Data for the task section start
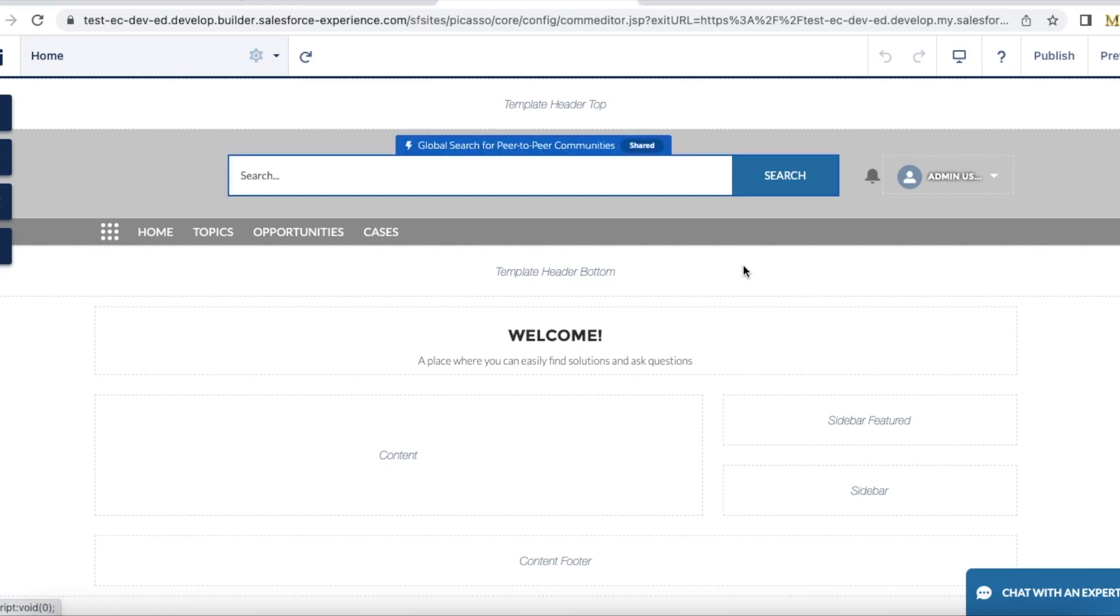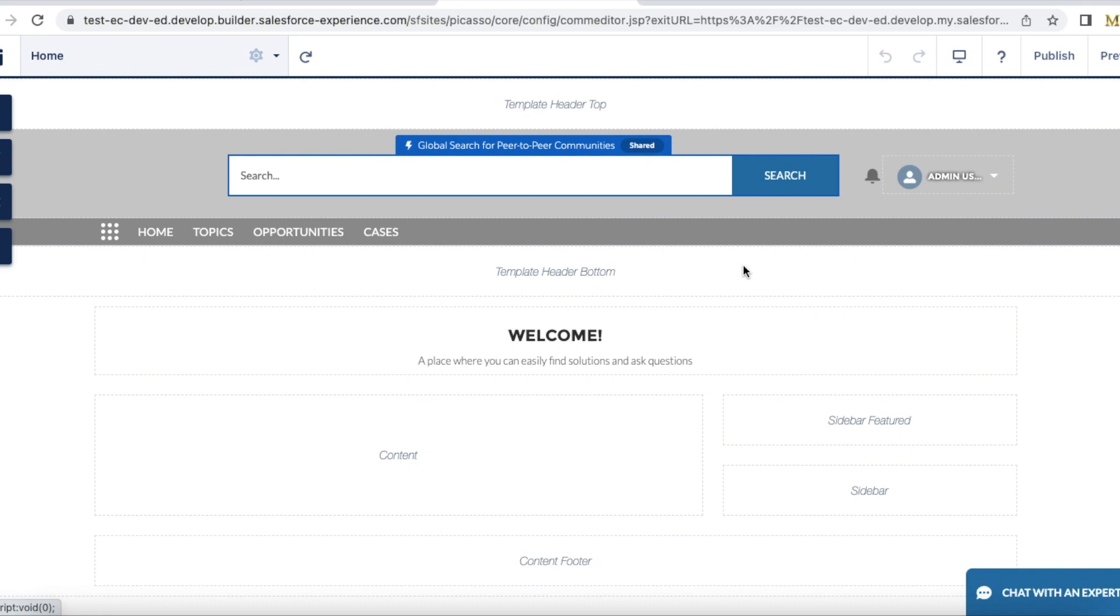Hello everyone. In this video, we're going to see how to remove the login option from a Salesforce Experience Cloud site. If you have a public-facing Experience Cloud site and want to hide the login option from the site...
Data for the task section end
Data for the task section start
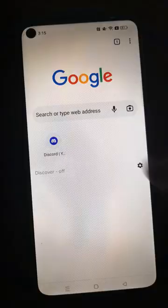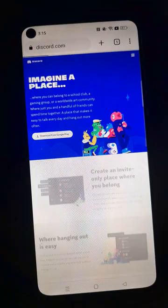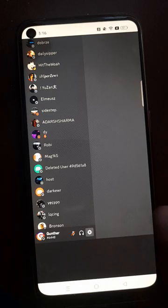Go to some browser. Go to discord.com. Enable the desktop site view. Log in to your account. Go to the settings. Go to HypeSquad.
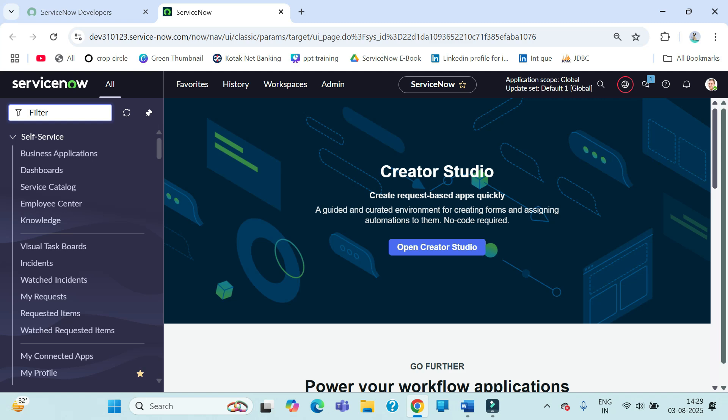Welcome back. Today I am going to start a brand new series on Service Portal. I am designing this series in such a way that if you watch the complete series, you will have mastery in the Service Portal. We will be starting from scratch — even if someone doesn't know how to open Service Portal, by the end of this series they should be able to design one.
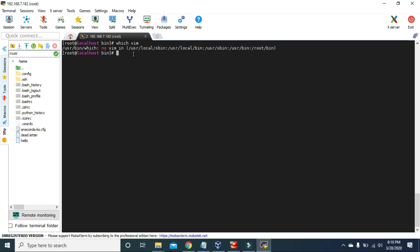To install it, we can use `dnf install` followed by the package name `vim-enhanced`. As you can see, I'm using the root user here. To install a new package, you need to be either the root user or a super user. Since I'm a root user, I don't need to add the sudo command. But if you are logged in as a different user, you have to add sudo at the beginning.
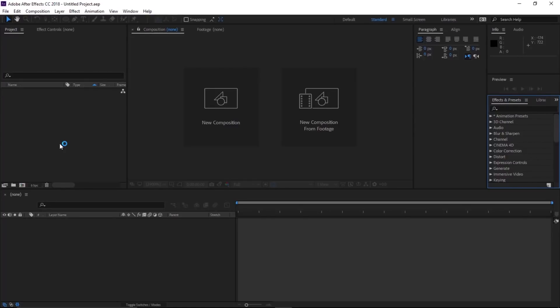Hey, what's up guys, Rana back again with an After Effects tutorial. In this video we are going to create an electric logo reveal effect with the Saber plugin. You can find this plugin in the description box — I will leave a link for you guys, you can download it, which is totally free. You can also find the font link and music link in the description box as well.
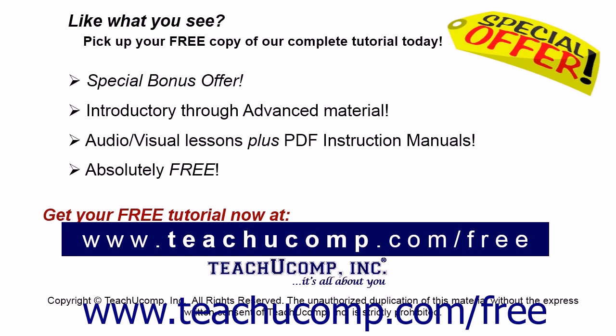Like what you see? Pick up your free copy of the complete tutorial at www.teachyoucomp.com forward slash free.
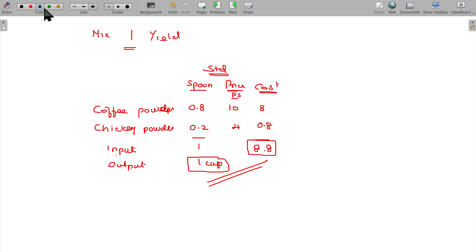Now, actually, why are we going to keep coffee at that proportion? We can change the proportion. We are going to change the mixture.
Data for the task section end
● **About this task**:
Set down, exactly as written above, each line from the one with "Welcome back. Today" through the one with "To install it, we", and skip the pictures.

● **Your solution**:
Welcome back. Today I am going to start a brand new series on Service Portal. I am designing this series in such a way that if you watch the complete series, you will have mastery in the Service Portal. We will be starting from scratch — even if someone doesn't know how to open Service Portal, by the end of this series they should be able to design one.
To install it, we can use `dnf install` followed by the package name `vim-enhanced`. As you can see, I'm using the root user here. To install a new package, you need to be either the root user or a super user. Since I'm a root user, I don't need to add the sudo command. But if you are logged in as a different user, you have to add sudo at the beginning.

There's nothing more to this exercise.